The Islamic Development Bank (IDB) has approved three deals for Iranian importers worth US$110mn.

The news was broken by Iran’s deputy minister of economic affairs and finance, Behrouz Alishiri, who says that the Islamic Trade Finance Corporation (ITFC) as an affiliate of the IDB, has given the green light to the loans.

The corporates involved have not been made public; however, according to Alishiri the ITFC has approved a single US$50mn loan for an Iranian company to finance the importation of raw material.

Two more applications for loan facilities, again by Iranian companies, worth a total of US$60mn have also been approved by the ITFC, says Alishiri.

Iran is the IDB’s second largest shareholder.

The news of the funding will come as some relief to Iranian businesses, as trade sanctions continue to mount in the European Union and the US.

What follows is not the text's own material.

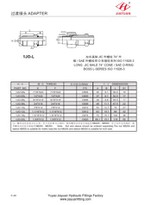 긴 JIC 수 SAE ORB 피팅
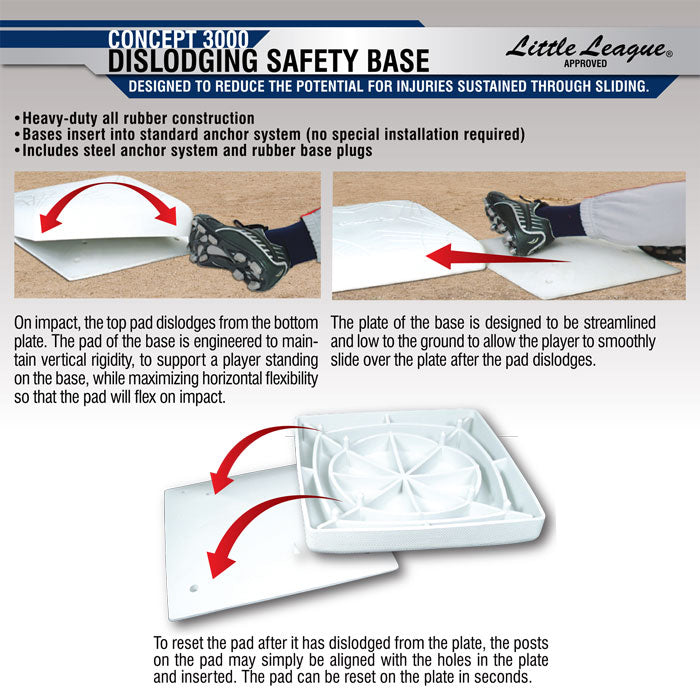 DISLODGING BASE SYSTEM | BASEBALL & SOFTBALL FIELD EQUIPMENT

In July 2010, the EU followed the lead of the US and forbid involvement in Iran’s energy sector as well as severely restricting trade financing and banking relationships.

Energy firms Royal Dutch Shell, Statoil, Eni and Total all cut ties with Iran as part of the sanctions.

A December 2010 report written for the US congress and seen by GTR titled Iran Sanctions notes that “because so many major economic powers have imposed sanctions on Iran, the sanctions are, by all accounts, having a growing effect on Iran’s economy. The sanctions are reinforcing the effects of Iran’s economic bottlenecks.”